How Are We Doing?.

Dominic Ralfs – Senior Consultant

After the ‘bad news’ in my last blog, let me try to cheer you up with my favourite subject: food, or rather, cooking.

Many of us will have offered to prepare somebody a special meal and then been horrified when confronted with the mountain of ingredients, the endless recipe and the complicated instructions before ringing the local bistro in panic and begging for the best table.

Looking at the requirements of General Data Protection Regulation (GDPR), you might feel a similar sense of foreboding. However, if you break it down and tackle every part of this legislation in bite size chunks before the 25th of May 2018 then, like your cooking task, it becomes a lot less daunting and much more manageable.
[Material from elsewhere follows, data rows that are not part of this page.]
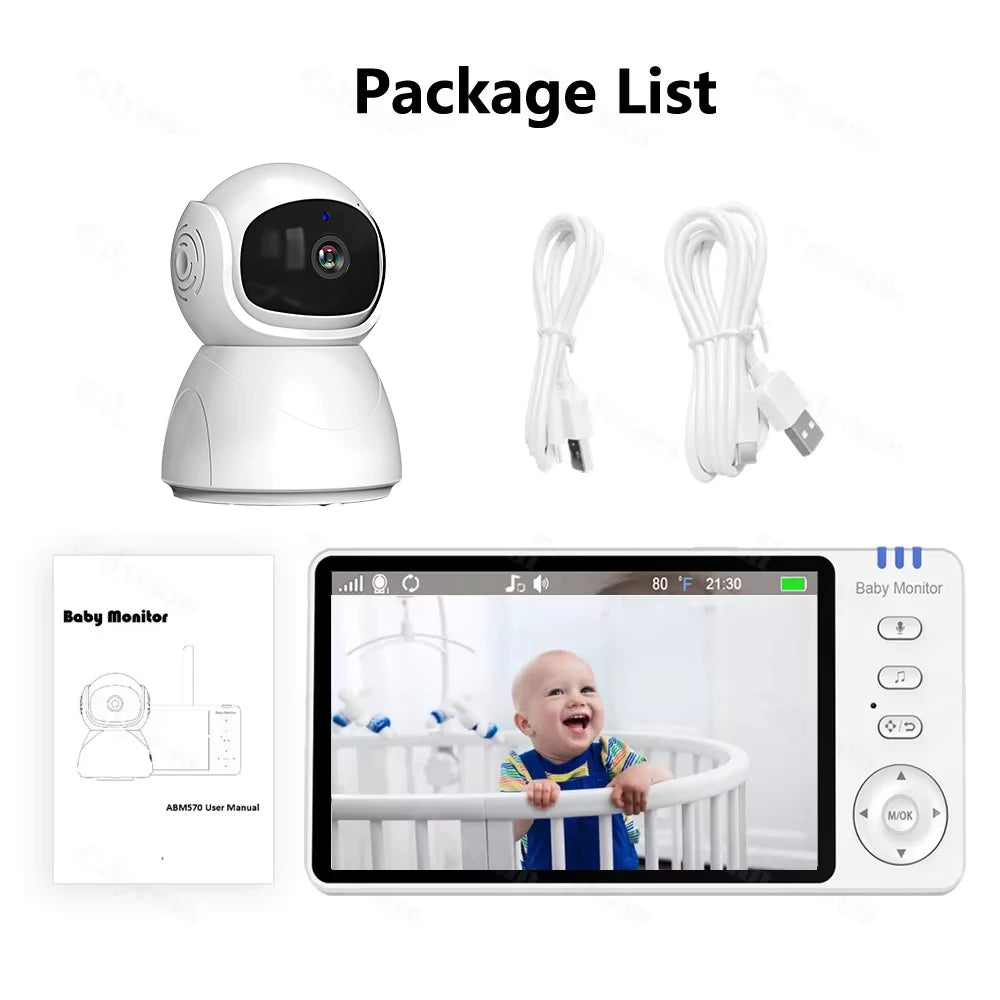 5 Inch Electronic Baby Monitor With Pan Tilt Zoom Camera Battery IPS Screen Wireless Babysitter Video Audio Lullaby Baby Nanny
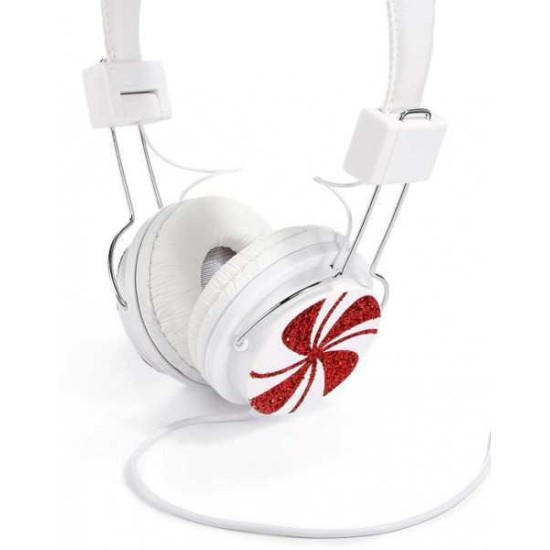  White and Red Whimsical Peppermint Swirl Headphones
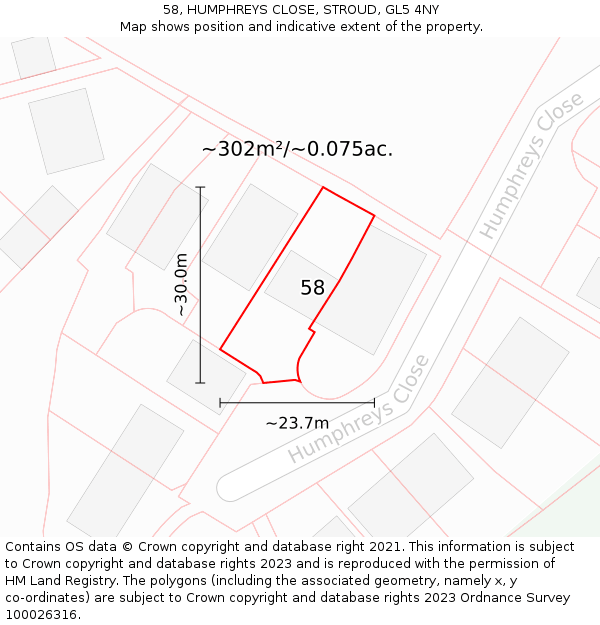 58, HUMPHREYS CLOSE, STROUD, GL5 4NY: Plot and title map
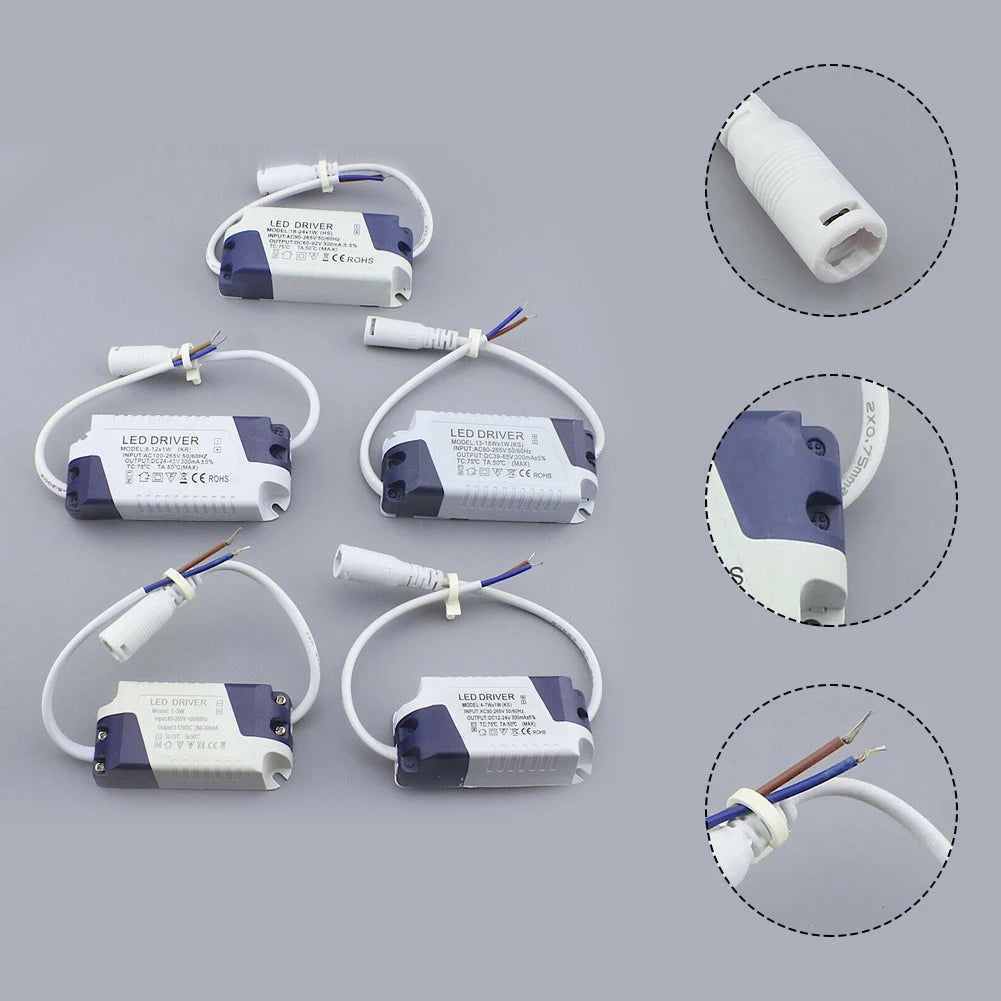 accessoires éclairage led driver 3w 47w 812w 1318w 1824w blanc gris moderne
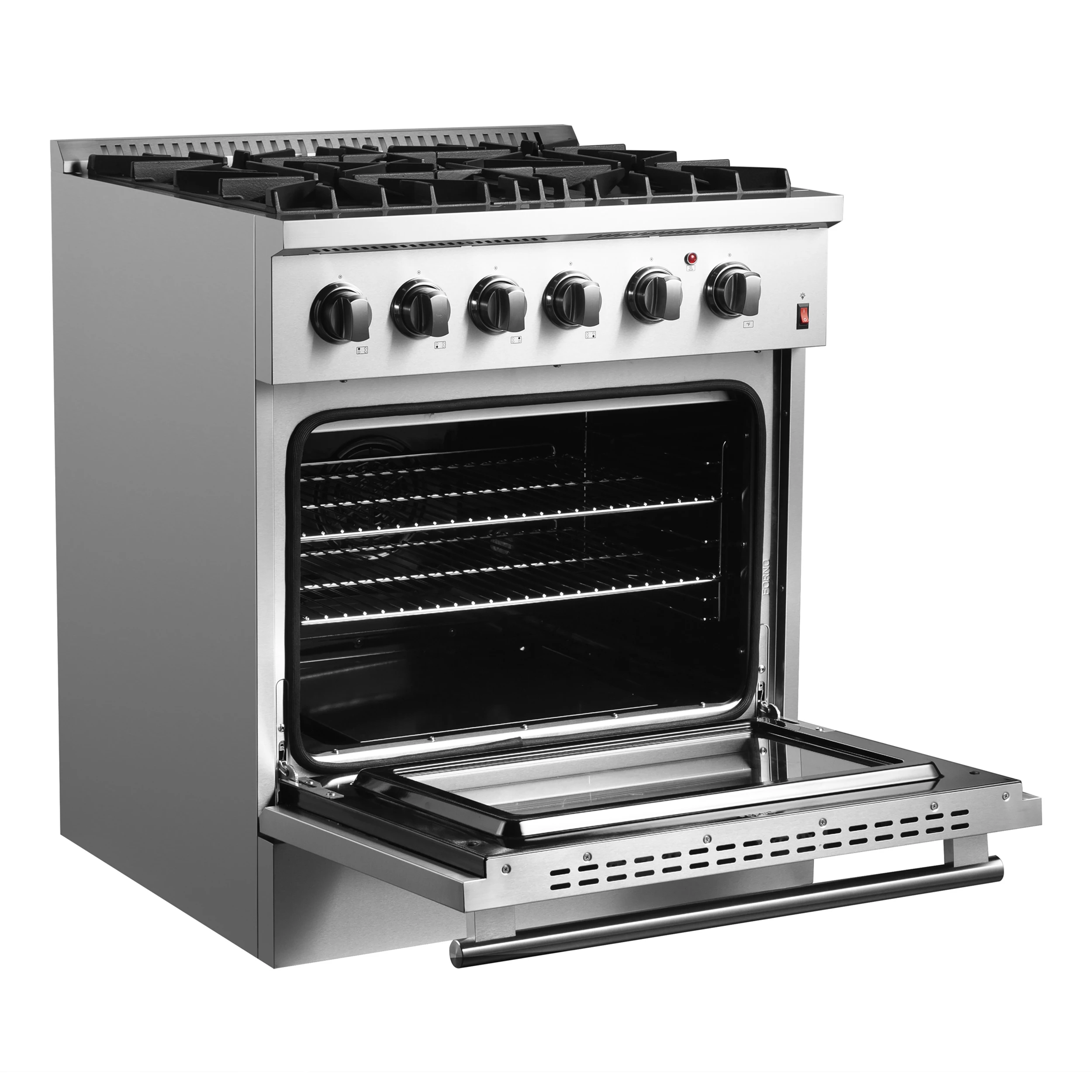 Marco 30-Inch Dual Fuel Range, Stainless Steel, 4 Burners, 37,000 BTU, True Convection Oven, Energy Efficient FFSGS619730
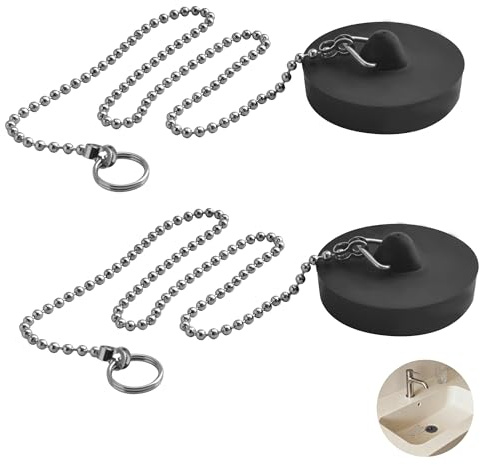 SZWLJ 2PCS Black Sink Plug‌ - 1.85in Rubber Bath Plug and Chain‌ with 15.7in Stainless Steel, Prevents Water Loss Odors, Ideal Bath Plug Replacement‌ for Bathrooms & Kitchens.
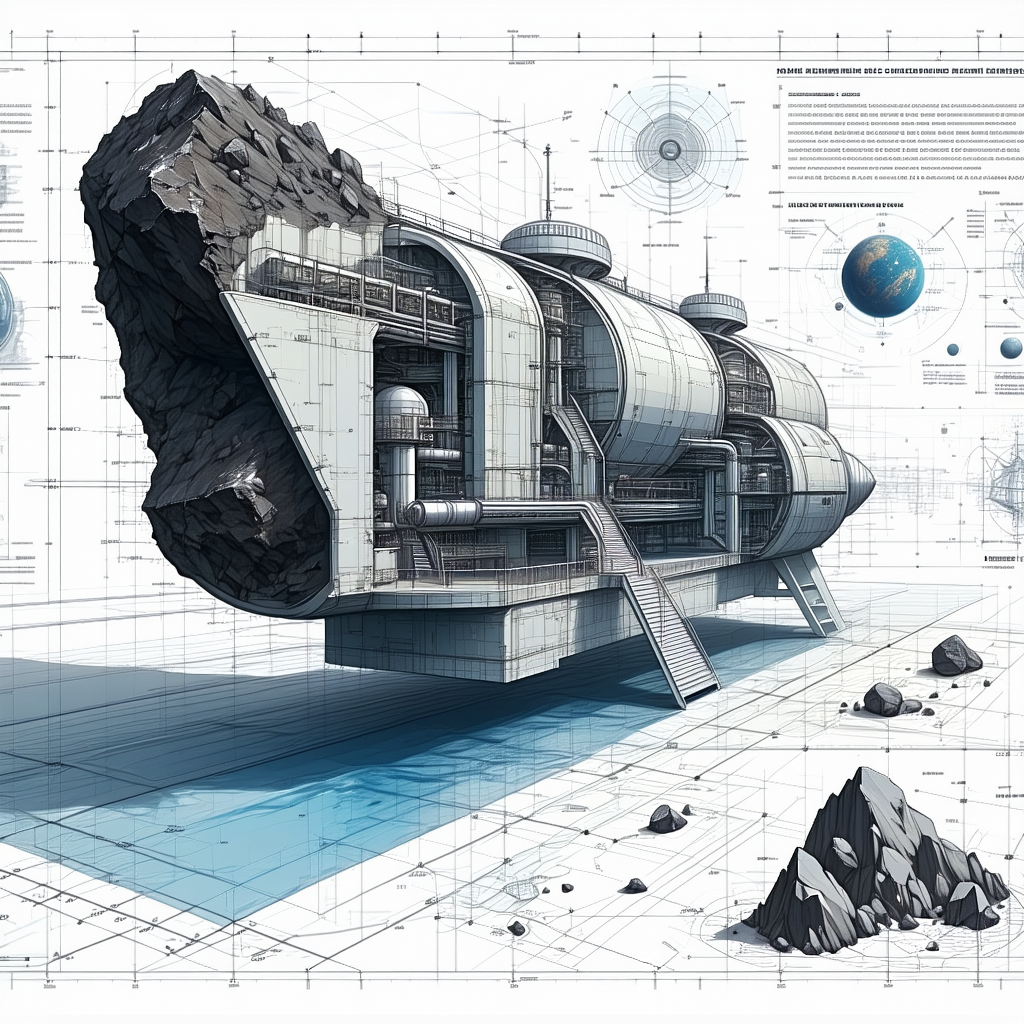 A Large, Futuristic Spacecraft Is Shown In A Series Of Detailed Drawings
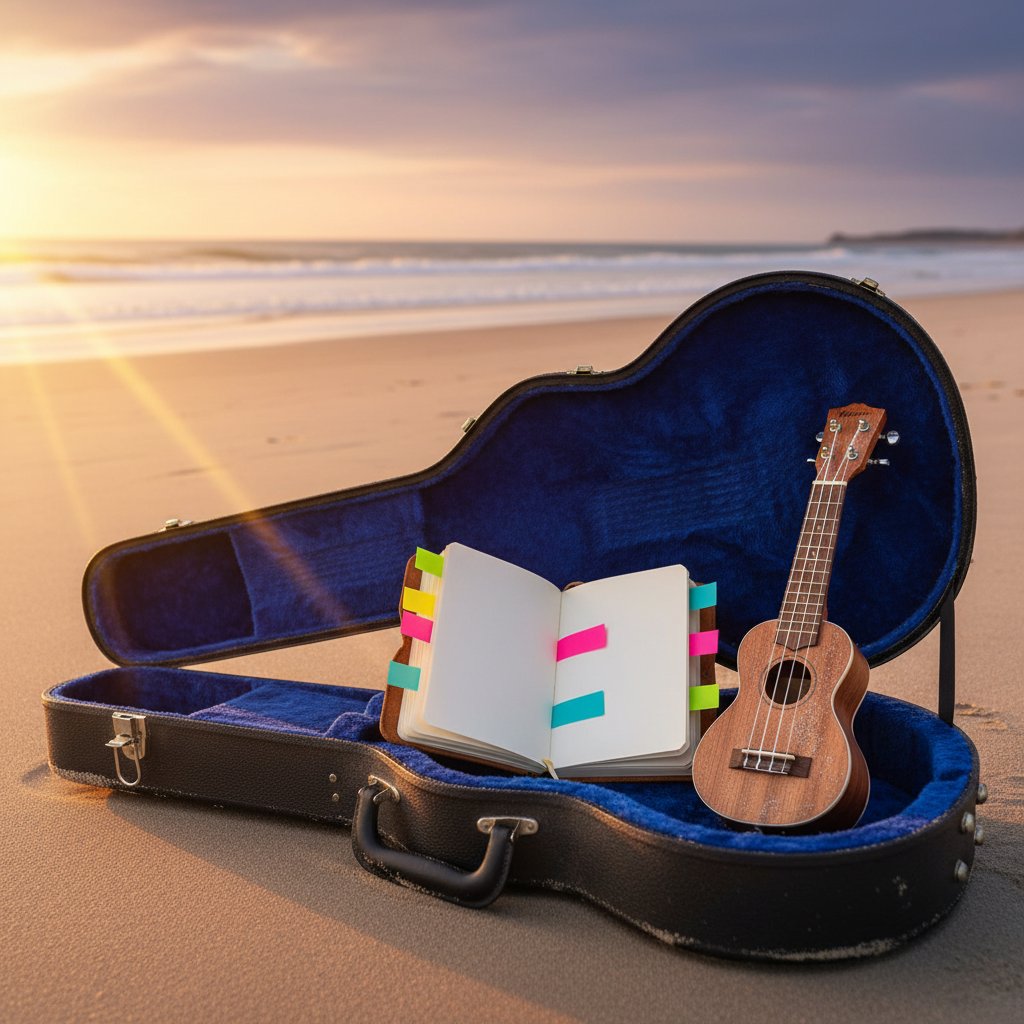 A playful still life of an open, pocket-sized notebook resting inside an empty guitar case left on a quiet beach, the case’s plush interior a deep midnight blue that contrasts with pale sand scattered along its edges. Around the notebook, several colorful sticky notes peek out like bookmarks, and a small, sand-dusted ukulele leans against the case. The late-day sun slants in from the side, creating dramatic, warm highlights on the instrument’s wood and gentle shadows that curve along the case. The mood is whimsical and musical, suggesting song lyrics or beach poems in progress. Photographic realism, shot from a three-quarter angle with moderate depth of field, keeping the case sharp while the shoreline softly blurs.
So what effect will GDPR have on London and other insurance markets? The answer is, not too much if it’s done in a timely, ordered and supported process.

At the beginning of June, Pro held a GDPR seminar for 30 people from interested parties. One of the conclusions drawn from the very lively discussions was that company boards in the main are supporting the implementation of GDPR, but one of our real-life statistics showed less that a quarter fully agreed that GDPR had been sufficiently communicated across their business.

Despite this, I don’t feel that the London market is lagging behind other sectors but it’s clearly not on top of GDPR as much as it could be.

Underwriters and brokers need to engage in mapping the different parts of their businesses, conducting a data inventory to ascertain the size of the challenge to fully comply with GDPR, and then prioritise the tasks ahead.

We have suggested that the key industry specific tasks within the data supply chain are, in order:

  1. board approval (including communications),
  2. establish GDPR team,
  3. prepare,
  4. implement,
  5. review,
  6. revise.

By the beginning of this month we would expect underwriters and brokers to have completed the first three tasks leaving them with implementation (July to end of December) for review, revision and embedding the principles by design and default (January 2018 onwards).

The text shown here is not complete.